Il y a sans doute dans tout cela une mesure de l’incompréhension à laquelle chacun et tous devraient se résigner, de telle sorte que si ce qui est vraiment compris est infime, l’immense domaine de ce que l’on croit su pourra être renvoyé à sa vraie nature : l’ignorance.

(1) CéCédille est le pseudonyme d’un blogueur qui en dit peu sur lui-même, mais tant et tant sur le reste. C’est ainsi que la toile permet de tisser des liens dont l’écrit est le seul vecteur, générant des amitiés si ténues par bien des côtés et si fortes par d’autres. À qui est curieux de mes préférences, je recommande d’aller sur son blog principal intitulé Diacritiques. Il tient deux autres blogs : l’un consacré aux Violations de la Constitution, l’autre à La bicyclette considérée comme l’un des beaux arts. Si vous vous embêtez sur ce blog-ci - ce qui me semble bien compréhensible -, allez donc vous désennuyer sur l’un de ceux-là. Et si votre choix vous conduit vers Les violations de la Constitution, sachez que la thèse de doctorat de l’intéressé, qui porta sur cette question, est accessible ici.
(2) Montesquieu, “Les lettres persanes”, in Œuvres complètes, tome troisième, Librairie Hachette et Cie, 1874, p. 128.
(3) Montesquieu, Œuvres complètes Tome deuxième, Hachette et Cie, 1873, pp. 393-400.
(4) « Telle est la différence entre la démocratie réglée et celle qui ne l’est pas, que, dans la première, on n’est égal que comme citoyen, et que, dans l’autre, on est encore égal comme magistrat, comme sénateur, comme juge, comme père, comme mari, comme maître. » (Montesquieu, “De l’esprit des lois” in Œuvres complètes tome premier, Librairie Hachette et Cie, 1873, pp. 221.
(5) Jean-Jacques Rousseau, “Émile ou de l'éducation”, in Œuvres complètes , t. IV, Gallimard, Bibliothèque de La Pléiade, 1969, p. 249.

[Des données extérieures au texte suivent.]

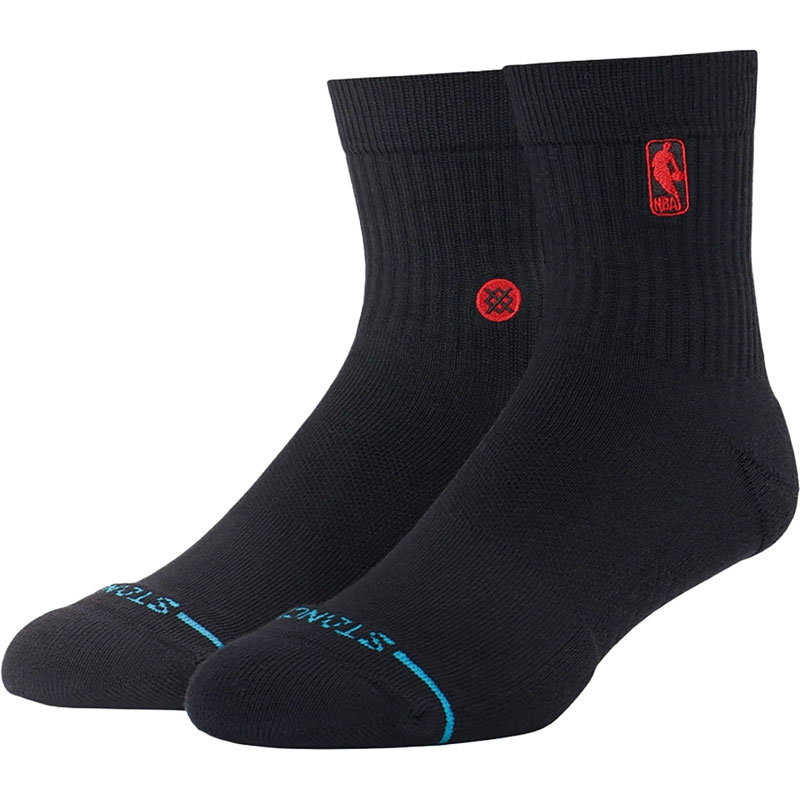 NBA公式ロゴの刺繍をアクセントに、シンプルで洗練されたデザインが支持される「LOGOMAN」は、上質なコームドコットンを使用し、通気性が良く柔らかで滑らかな肌触りを実現。 シームレスなつま先やアーチサポート、トラブルの多いかかとを優しく包み込む立体設計など快適な履き心地を体感いただけます。 デイリーからアクティブシーンまで活躍するクォーター丈モデルです。 素材・材質:コームドコットンブレンド(コットン77%、ポリエステル16%、ナイロン4%、ポリウレタン3％) 原産国:中国 サイズチャート:L:25.5-29.0cm カラー:BLRBLACK/RED 性別:ユニセックス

(6) Jean-Jacques Rousseau, “Du Contrat social ou Essai sur la forme de la république (première version)”, in Œuvres complètes , t. III, Gallimard, Bibliothèque de La Pléiade, 1964, p. 287.
(7) Jean-Jacques Rousseau, “Discours sur l'origine et les fondemens de l'inégalité parmi les hommes”, in Œuvres complètes , t. III, Gallimard, Bibliothèque de La Pléiade, 1964, p. 178.